**Action item:**
Omit pictures and quote the listing below line by line, from its start through the line that holds "Initial JC signature".

**Data segment:**
Content starts

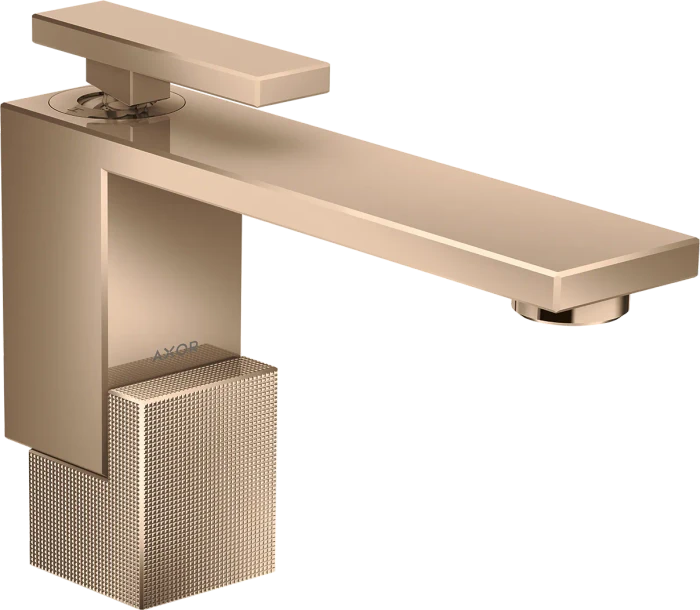 Hansgrohe AXOR Edge Einhebel-Waschtischmischer 130 mit Push-Open Ablaufgarnitur diamantschliff polished red gold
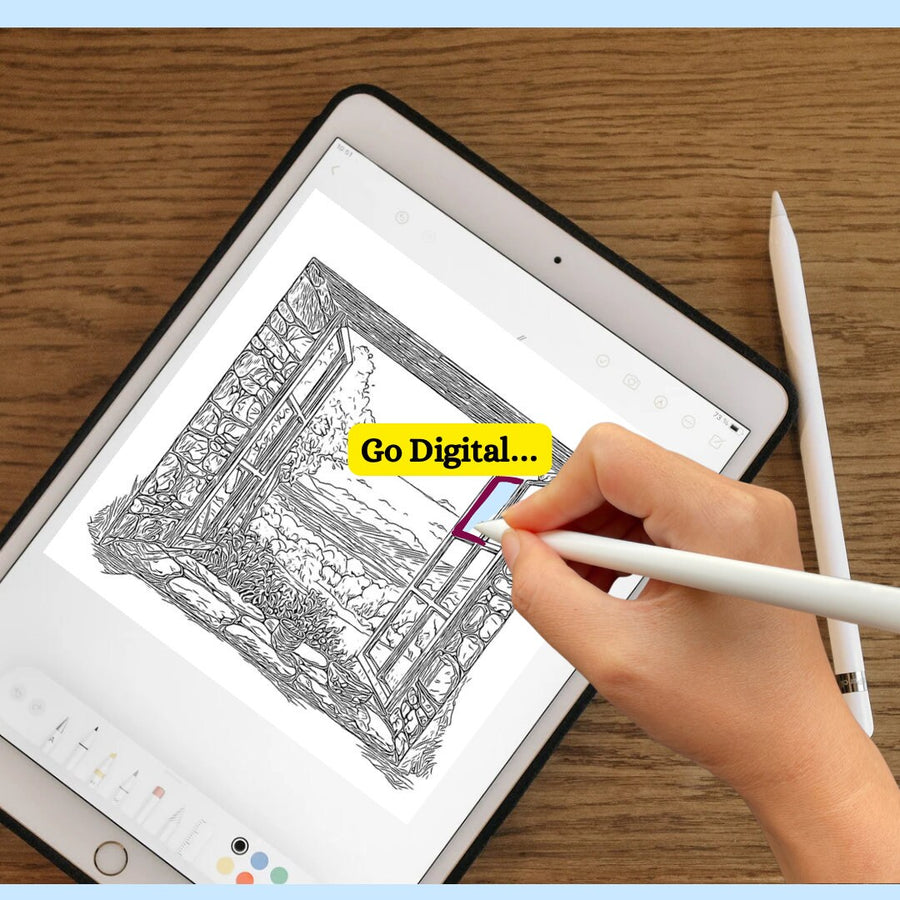 Schöne Aussichten Malvorlagen: 13 Landschaftsansichten aus dem Fenster, druckbare Seiten, Naturszenen, digitales Ausmalen, Landschaften Malvorlagen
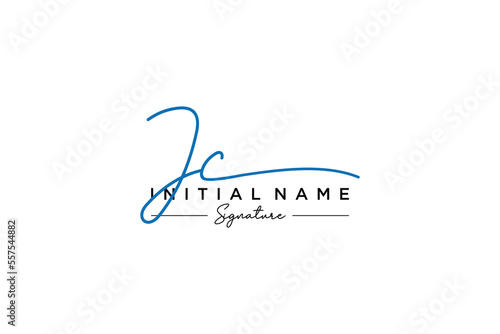 Initial JC signature logo template vector. Hand drawn Calligraphy lettering Vector illustration.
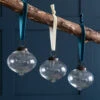 Set Of 3 Hailes Teardrop Baubles - Clear -Modern Living Shop TBRG01 portrait 1 94275.1638484867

Content ends

**Your response:**
 Hansgrohe AXOR Edge Einhebel-Waschtischmischer 130 mit Push-Open Ablaufgarnitur diamantschliff polished red gold
 Schöne Aussichten Malvorlagen: 13 Landschaftsansichten aus dem Fenster, druckbare Seiten, Naturszenen, digitales Ausmalen, Landschaften Malvorlagen
 Initial JC signature logo template vector. Hand drawn Calligraphy lettering Vector illustration.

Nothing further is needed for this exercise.